Shea noted that “there are a number of legitimate reasons for cops to know the records exist.” In the op-ed he made reference to:
- How frightened victims and intimidated or uncooperative witnesses can lead to cases being dismissed that correctly identified the accused.
- Cases involving harm to children that parents sought to spare the children the trauma of testifying in court.
- The use of offender diversion initiatives, which dismiss cases upon program completion.
- Plea bargained offenders charged in multiple crimes, with some cases dismissed as part of the guilty plea on others.
- Prosecutor policies that dismiss all cases for violations of law the prosecutor seeks to nullify.
- Patterns of behavior suggesting the need for intervention services, particularly in domestic violence settings.
- Officer safety issues relating to histories of violence or weapons use.
- Internal investigations into allegations of officer misconduct.
Shea made another significant observation about the court actions sought by the public defenders. “The public defenders argue that the logical approach in all these instances would be for the NYPD petition the court for an order to unseal the records. But in this lawsuit, the plaintiffs also argue that police shouldn’t be allowed to see that a sealed record exists — so how would we know to ask a court to grant access?”
Are Crime Victims “A” Priority?
In their lawsuit, the public defenders do not address the concerns among crime victims. As the attorneys representing accused offenders, such is not surprising. Their actions, even if viewed by some as over zealous, are consistent with their role. However, the New York State Legislature bears a public safety responsibility that includes meeting the concerns of victims. Additionally, the state’s courts – even civil court judges – should consider the impact of their decision on victims.

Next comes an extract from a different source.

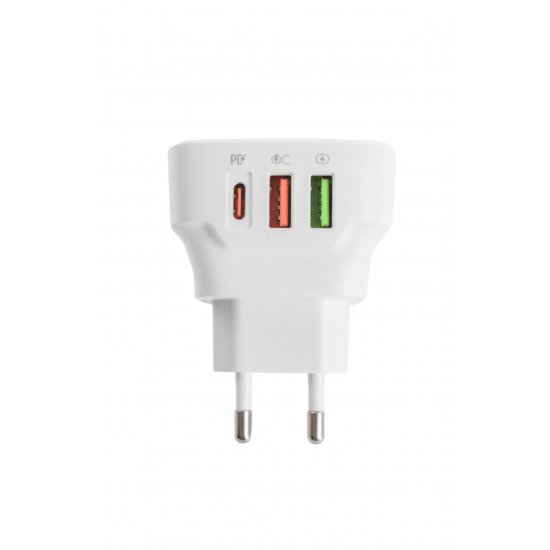 Ασύρματος φορτιστής με 2 θύρες εξόδου USB-A και θύρα εξόδου USB-C 32W Παροχή ισχύος Λευκό Q334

In 1785, Benjamin Franklin wrote on need for fairness in the justice system. He advised, “it is better 100 guilty Persons should escape than that one innocent Person should suffer.” These words reflect a wisdom essential to ensure justice. At Secure 1776 we fully embrace the notion that a just system of laws protects the rights of the accused. Yet there is more to justice. Criminal justice reform discussions rarely mention public safety or crime victims. A just system seeks to foster public safety. A just system also ensures that crime victims are a priority. Even with a heavy Bronx accent, just “forget about it,” fails to meet the standard for a “just” system. There are no “men in black” to erase the memory of crime and its impact on victims. A system that forgets more than it remembers is fundamentally unjust, and incapable of fostering public safety.